2

Using the Hockney model, transferring time is modeled by t(s) = α + βm, where α is the latency for each message, and β is the transfer time per byte (or reciprocal of network bandwidth).

But from some papers (like this paper), latency and transfer time are functions of message size. With several message sizes, these are neither constant nor linear!

Hockney model parameters

If the Hockney model parameters are functions of message size, how can we predict collective communication time (eg: for broadcast, scatter, ...) with several message sizes?

Example: If the broadcast operation is performed by the Flat Tree algorithm, t(s)=(P-1)(α + βm). Because α and β are functions of message size, we cannot plot its curve by linear line, and we cannot predict operation time without model parameters which correspond to the message size.
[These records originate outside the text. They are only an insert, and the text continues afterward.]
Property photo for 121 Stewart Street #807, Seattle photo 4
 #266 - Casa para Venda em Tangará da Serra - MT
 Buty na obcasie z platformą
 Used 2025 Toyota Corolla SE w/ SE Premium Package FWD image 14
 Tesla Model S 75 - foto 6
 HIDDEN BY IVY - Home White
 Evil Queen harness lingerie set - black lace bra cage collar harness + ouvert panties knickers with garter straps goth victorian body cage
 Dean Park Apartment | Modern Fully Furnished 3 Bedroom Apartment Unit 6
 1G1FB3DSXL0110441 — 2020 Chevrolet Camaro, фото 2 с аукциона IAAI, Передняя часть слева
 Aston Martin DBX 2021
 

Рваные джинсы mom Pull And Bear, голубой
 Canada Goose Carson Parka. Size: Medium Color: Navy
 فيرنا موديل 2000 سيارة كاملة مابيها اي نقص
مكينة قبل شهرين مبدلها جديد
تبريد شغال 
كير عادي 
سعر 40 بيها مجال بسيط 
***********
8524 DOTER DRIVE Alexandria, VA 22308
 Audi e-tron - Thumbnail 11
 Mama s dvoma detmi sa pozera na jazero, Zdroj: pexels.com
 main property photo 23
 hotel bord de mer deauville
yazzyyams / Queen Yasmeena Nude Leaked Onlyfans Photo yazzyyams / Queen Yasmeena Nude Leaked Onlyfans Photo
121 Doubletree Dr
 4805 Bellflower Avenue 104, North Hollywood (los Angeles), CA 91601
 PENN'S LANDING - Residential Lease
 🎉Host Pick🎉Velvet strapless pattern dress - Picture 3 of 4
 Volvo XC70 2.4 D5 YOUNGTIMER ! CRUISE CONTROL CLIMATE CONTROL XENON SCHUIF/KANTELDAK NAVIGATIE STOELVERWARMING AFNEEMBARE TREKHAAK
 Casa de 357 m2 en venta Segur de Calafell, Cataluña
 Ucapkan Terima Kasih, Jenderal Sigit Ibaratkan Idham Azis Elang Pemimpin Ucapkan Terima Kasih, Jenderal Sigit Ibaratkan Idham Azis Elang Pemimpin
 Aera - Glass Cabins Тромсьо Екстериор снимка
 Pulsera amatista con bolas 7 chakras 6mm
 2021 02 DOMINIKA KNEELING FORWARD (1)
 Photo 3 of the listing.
For instance, we cannot predict the operation time for a message size of 30 bytes if we have not measured model parameters which send and receive 30 byte messages.

NoseKnowsAll
  • 4,593
  • 2
  • 23
  • 44
voxter
  • 853
  • 2
  • 14
  • 30

1 Answers1

0

In Hockney, α and β are properties of the network, independent of the message size. While the mentioned paper clearly states:

We altered Hockney model such that α and β are functions of message size.

I agree it is confusing that they do always simply refer their altered model as Hockney. The chart, in the paper also looks suspiciously as if "Latency" is actually the message transfer time. You might call this Latency as seen from the application. And "Bandwidth" is also the bandwidth as seen from the application. Consider 10^6 bytes / 65 MBytes/s = 1.5 * 10^4 us. I don't see any sense in using these values that both reflect the total message transfer time as additive individual networkparameters for Hockney. Unfortunately the paper does not explain how they actually derived the parameters from their point-to-point MPI benchmark.

It is also noteworthy that the paper almost always simply uses the full term for message transfer time α(ms) + ms · β(ms), except for two cases, where I suspect it might be a missing pair of braces. Then, the whole term could simply be replaced with a p2p message time (message size).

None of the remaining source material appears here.